Experimental and Analytical Investigation of Roller Material Influence on Motion Accuracy of Mecanum-Wheeled Mobile Robots

This study investigates the influence of roller material on the motion accuracy of a Mecanum-wheeled mobile robot. Three roller types were tested: polyurethane rollers from the KUKA YouBot, custom-fabricated rubber rollers, and polypropylene-polyethylene (PP-PE) composite rollers. Experiments were conducted on a flat honeycomb ABS platform under identical control commands and velocity profiles. The results revealed that roller material significantly affects tracking accuracy due to differences in frictional behavior and slip dynamics.

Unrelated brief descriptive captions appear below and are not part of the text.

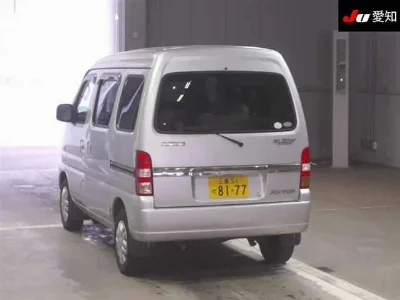 SUZUKI EVERY WAGON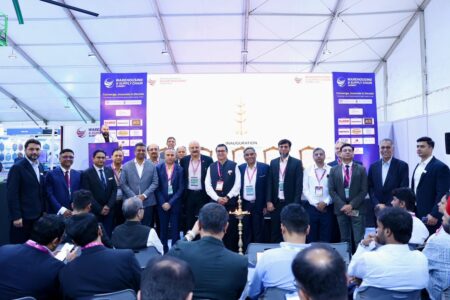 Intralogistics & Warehousing Expo 2025 Pune sees record turnout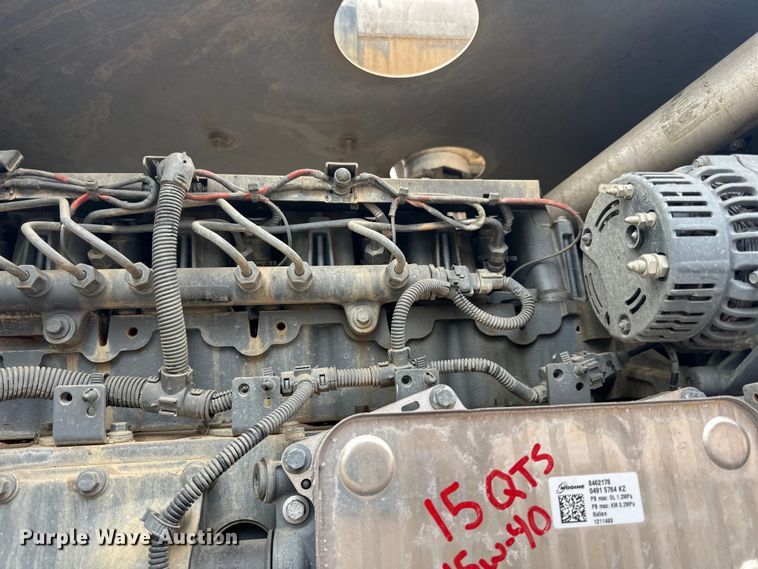 image for item LR9408 2008 Sterling  LT8500 sewer jetter truck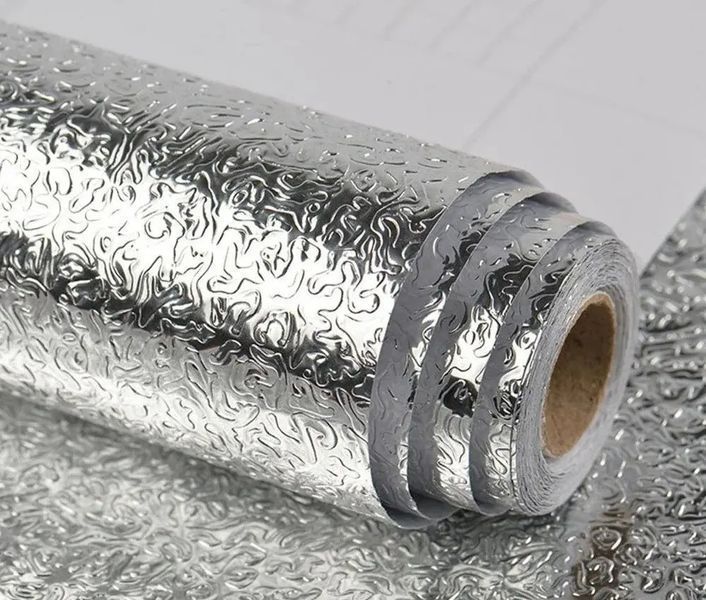 Самоклеюча фольга для кухні 3 метри 20500000003 фото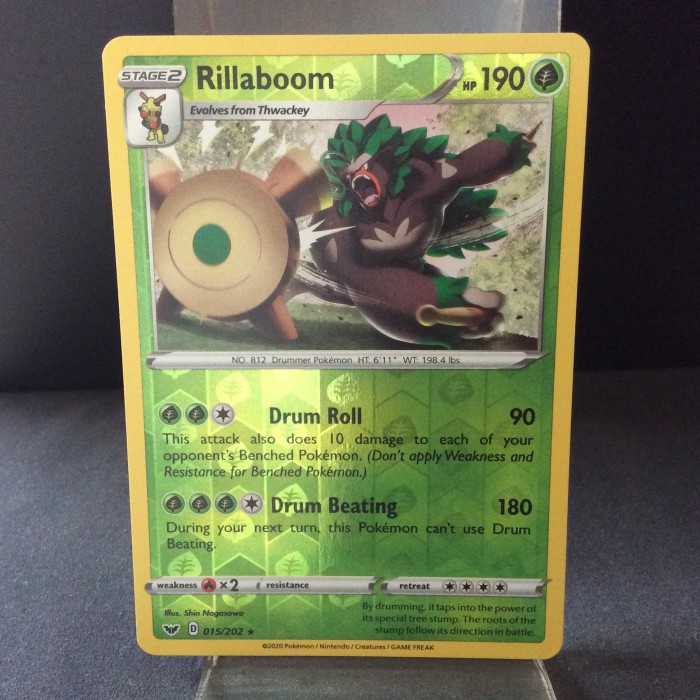 Rillaboom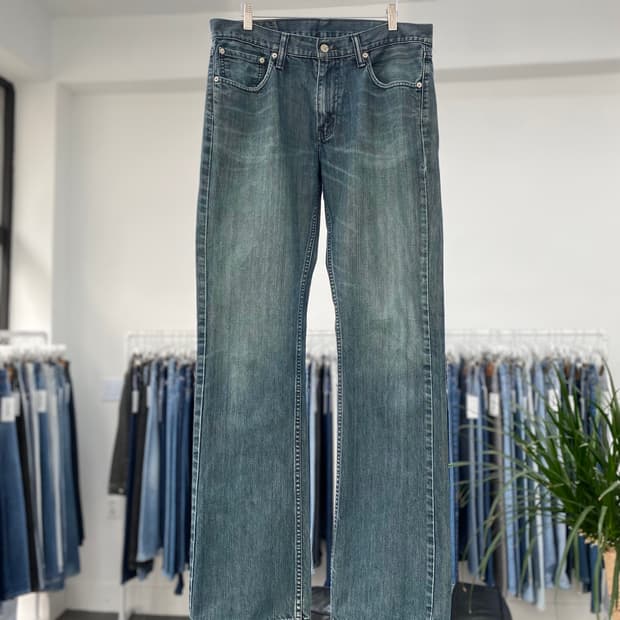 리바이스527 Boots Cut 00s 34사이즈 a5312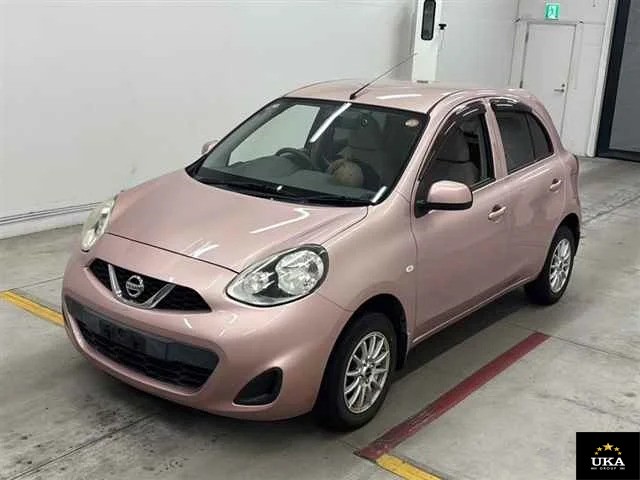 2016 Nissan March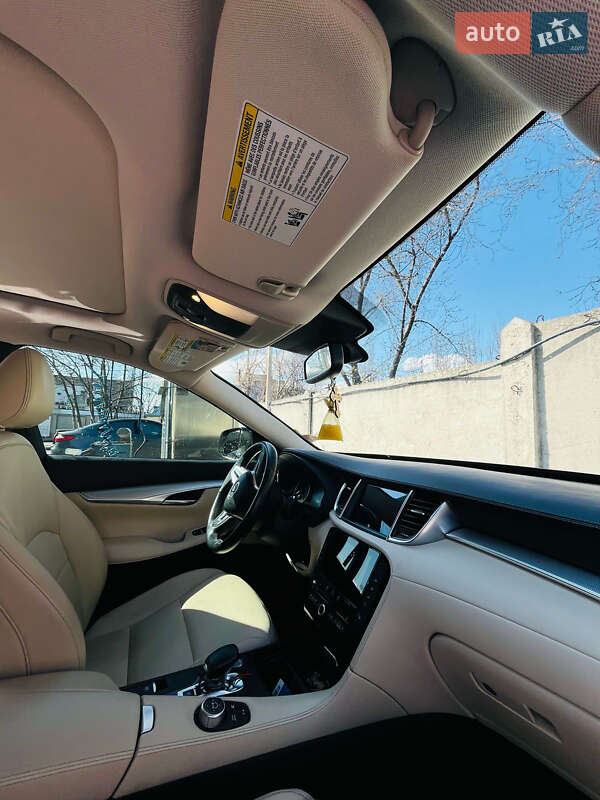 Внедорожник / Кроссовер Infiniti QX50 2019 в Полтаве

The KUKA polyurethane rollers achieved the lowest average forward trajectory error (3.2%) and lateral deviation (2.8%), followed by rubber rollers (5.6% forward, 4.5% lateral), while the PP-PE composite rollers exhibited the highest errors (7.1% forward, 6.3% lateral). A physics-based model incorporating Coulomb friction and rolling resistance was employed to explain these discrepancies, highlighting the roles of surface compliance, material hardness, and contact deformation. This work provides quantitative insight into wheel-ground interactions in Mecanum-wheeled systems, offering guidance for improving motion control precision in mobile robotic platforms.